Avgas Committee Report Released

The Unleaded Avgas Transition-Advanced Rulemaking Committee (ARC)'s report on its recommended path to a suitable replacement for 100LL has been released to the public by the FAA (two months after the stakeholders committee completed the report) and as we reported in May it will be, under the committee's recommendations, at least 11 years before such a fuel (or fuels) is approved and the committee is also warning it could take longer than that. Total cost could reach $73 million with $60 million having to be approved by Congress. Despite the many pitfalls outlined in the report, the authors try to strike a hopeful tone. "We are in fact very encouraged that a satisfactory solution will be deployed in a timely manner and none of us will see our aircraft or our operations significantly compromised. The summary of the report is here (PDF). The full report is here (large PDF) and the appendices are here (PDF).

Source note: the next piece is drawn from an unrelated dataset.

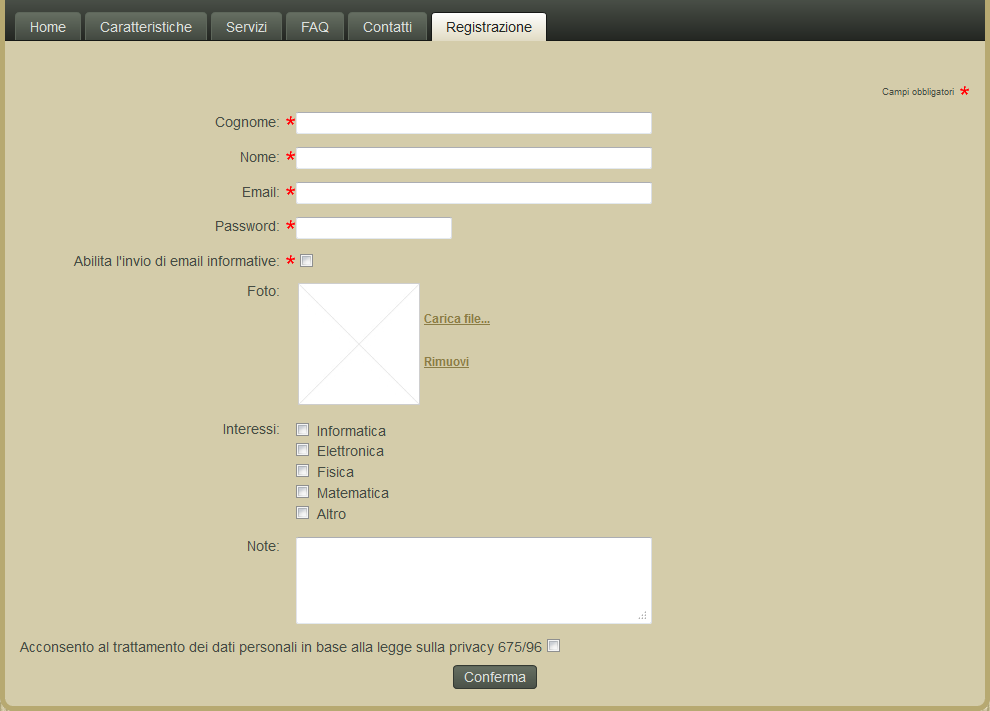 Crea Sito Web, miglior CMS, Tabelle Utente Acquisizione dati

Alphabet groups that are members of the Avgas Coalition simultaneously released a joint statement that outlined key points of the report but didn't pass judgment on it. "The GA associations will continue to work with the FAA in developing, implementing and funding an unleaded avgas plan that includes the key elements outlined in the ARC's report which are necessary to facilitate the development and deployment of an unleaded avgas with least impact upon the existing piston-engine aircraft fleet," the statement read.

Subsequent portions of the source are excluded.